Cuba strongly rejected  Pompeo’s “disrespectful statement,” which, Cuba said, is “an expression of the imperialist ideas which are deeply rooted in the foreign policy of the current US administration . . . [and] a reflection of the already announced desire to impose once again, in the western hemisphere, the Monroe Doctrine, accompanied now by some McCarthyist intolerance.” Moreover, the Cuban statement also said the Cuban people expressed “their will in a massive way, despite the pernicious campaign launched by the United States which was intended to influence their vote.  It’s been long since we Cubans decided to frustrate every US attempt to govern our country’s destiny.”

Finally, the Cuban Foreign Ministry stated, the U.S. “should put an end to the practice of interfering in the internal affairs of other States and the electoral or voting processes of other nations.  This is a weird habit that is contrary to International Law, with which the US government defies the norms that govern relations among sovereign States.”


There are legitimate grounds for the U.S. asserting that the new constitution makes the Cuban Communist Party the only legal political party and the socialist system  “irreversible.” In addition, there is evidence that the Cuban government harassed and detained critics of the new constitution.[3] But it is hardly diplomatic for the U.S. to say that this was a “so-called referendum.”

Cuba, on the other hand, had legitimate grounds for its criticism of the Pompeo statement.

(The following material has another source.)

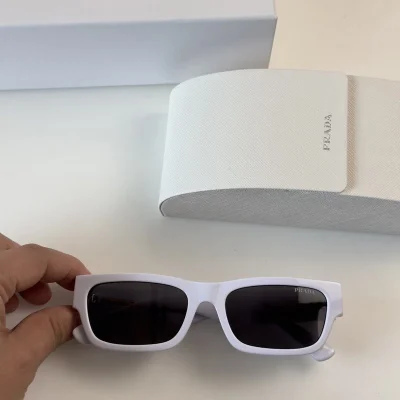 Солнцезащитные очки Prada Temples Decorated By Stripe Middle "White" фото № 2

But, in this blogger’s opinion, Cuba went overboard in calling that statement an Interference in Cuba’s internal affairs that was contrary to international law.


[1] State Dep’t, Cuba’s So-Called Referendum (Feb. 26, 2019).

[2] Cuba Foreign Ministry, Declaration by the Foreign Ministry of Cuba (Feb. 26, 2019). 

[3] See Cuba Arrests Opponents of Proposed New Constitution, (Feb. 14, 2019); Cuban Citizens Approve New Constitution, (Feb. 26, 2019).